Task prompt: All records are to be reproduced verbatim, with images omitted.

*** Opening Entries provided ***

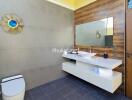 Modern bathroom with wall-mounted sink and wooden accents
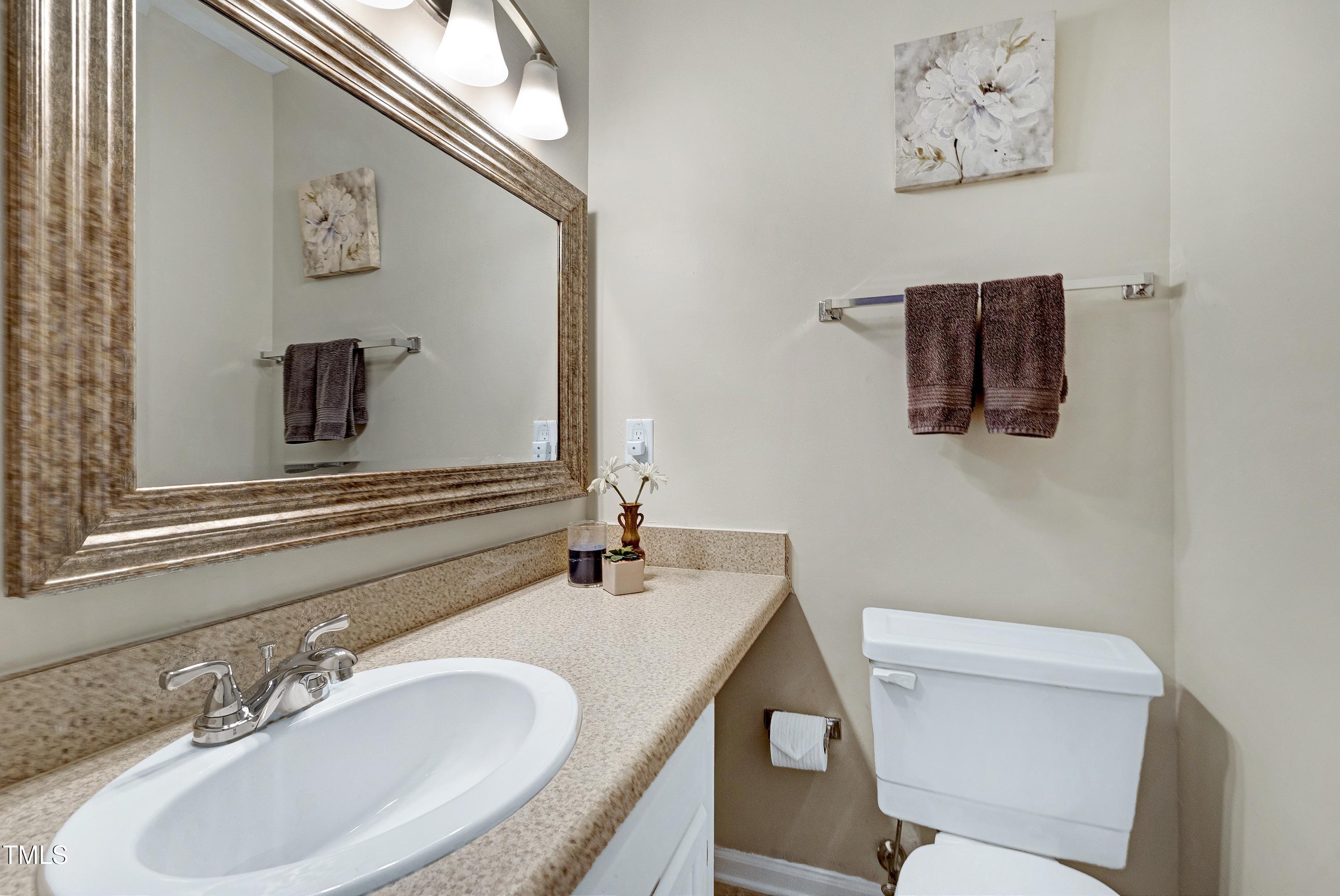 202 Oak Hollow Court Raleigh, NC 27613 - Photo 18 of 44 a bathroom with a granite countertop sink and a mirror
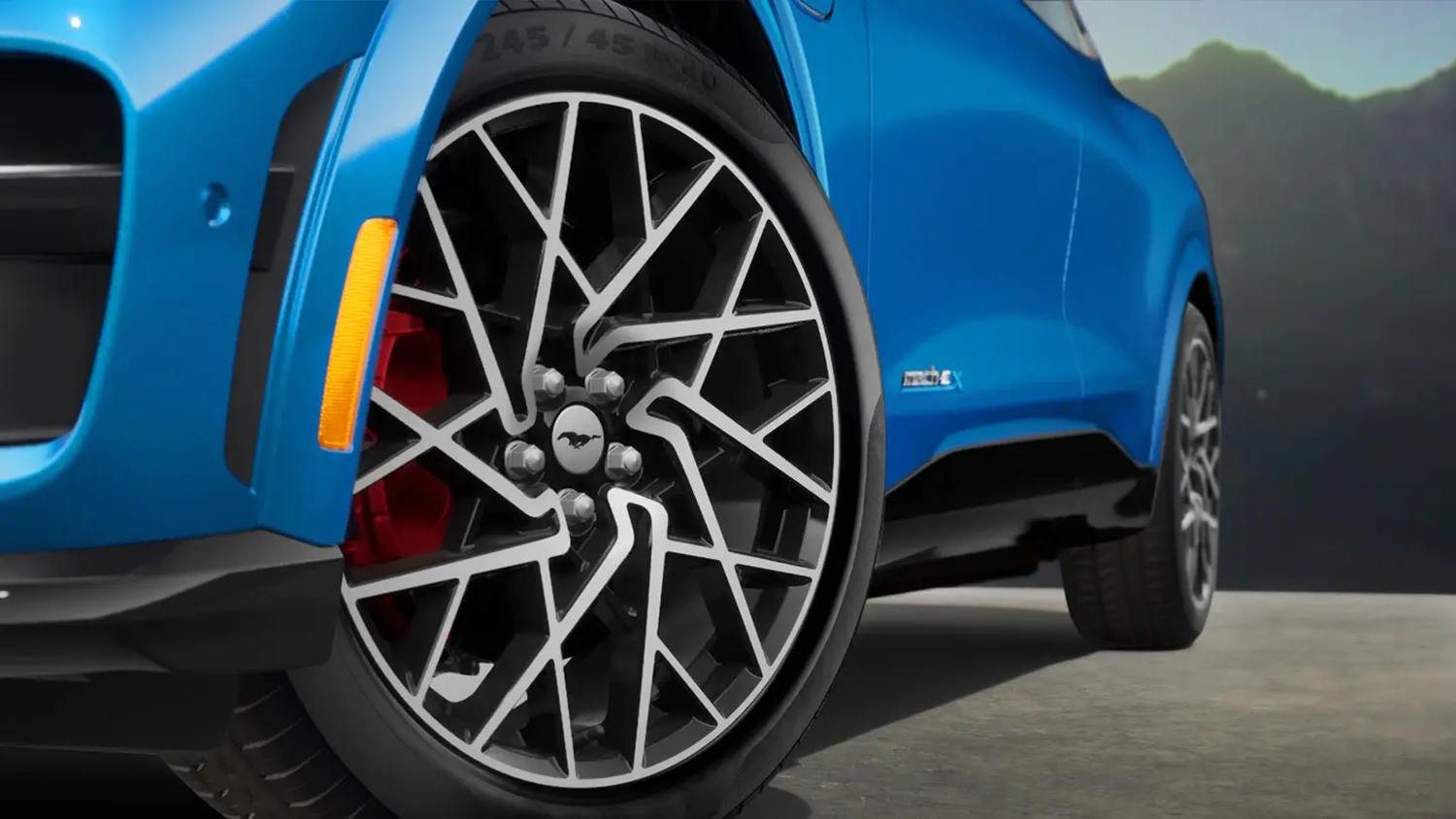wheels of a blue ford mustang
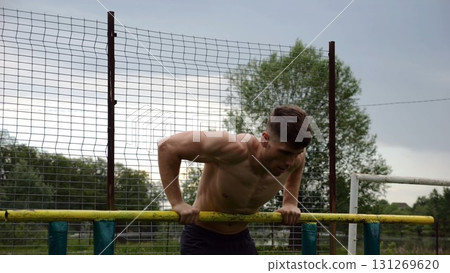 Male shirtless athlete doing push ups on parallel bars at nature. Strong sporty man exercising at sports ground. Young sportsman training hard outdoor. Concept of active sportive lifestyle. Slow mo Male shirtless athlete doing push ups on parallel bars at nature. Strong sporty man exercising at sports ground. Young sportsman training hard outdoor. Concept of active sportive lifestyle. Slow mo 131269620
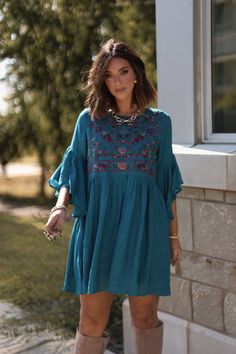 Bring a touch of playful elegance to your wardrobe with the Whimsical Teal Floral Embroidered Mini Dress! With its delicate details and flowy silhouette, this dress is perfect for any occasion that calls for a little fun and flirtation. Designed with airy bell sleeves, this dress offers a romantic and free-spirited feel. Featuring beautiful floral embroidery, this dress brings a whimsical, boho charm to your look. Pair it with your favorite boots for an effortlessly chic look that's ready for any adventure. Elegant Embroidered Bell Sleeve Dress, Elegant Bell Sleeve Embroidered Dresses, Garden Party Midi Dress With Embroidered Hem, Garden Party Midi-length Embroidered Dress, Midi-length Embroidered Dress For Garden Party, Summer Embroidered Mini Dress For Garden Party, Embroidered Mini Dress For Summer Garden Party, Blue Bohemian Dress With Embroidered Neckline, Elegant Summer Embroidered Dress With Embroidered Sleeves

*** Closing Entries provided ***

Response area:
 Modern bathroom with wall-mounted sink and wooden accents
 202 Oak Hollow Court Raleigh, NC 27613 - Photo 18 of 44 a bathroom with a granite countertop sink and a mirror
wheels of a blue ford mustang
 Male shirtless athlete doing push ups on parallel bars at nature. Strong sporty man exercising at sports ground. Young sportsman training hard outdoor. Concept of active sportive lifestyle. Slow mo Male shirtless athlete doing push ups on parallel bars at nature. Strong sporty man exercising at sports ground. Young sportsman training hard outdoor. Concept of active sportive lifestyle. Slow mo 131269620
 Bring a touch of playful elegance to your wardrobe with the Whimsical Teal Floral Embroidered Mini Dress! With its delicate details and flowy silhouette, this dress is perfect for any occasion that calls for a little fun and flirtation. Designed with airy bell sleeves, this dress offers a romantic and free-spirited feel. Featuring beautiful floral embroidery, this dress brings a whimsical, boho charm to your look. Pair it with your favorite boots for an effortlessly chic look that's ready for any adventure. Elegant Embroidered Bell Sleeve Dress, Elegant Bell Sleeve Embroidered Dresses, Garden Party Midi Dress With Embroidered Hem, Garden Party Midi-length Embroidered Dress, Midi-length Embroidered Dress For Garden Party, Summer Embroidered Mini Dress For Garden Party, Embroidered Mini Dress For Summer Garden Party, Blue Bohemian Dress With Embroidered Neckline, Elegant Summer Embroidered Dress With Embroidered Sleeves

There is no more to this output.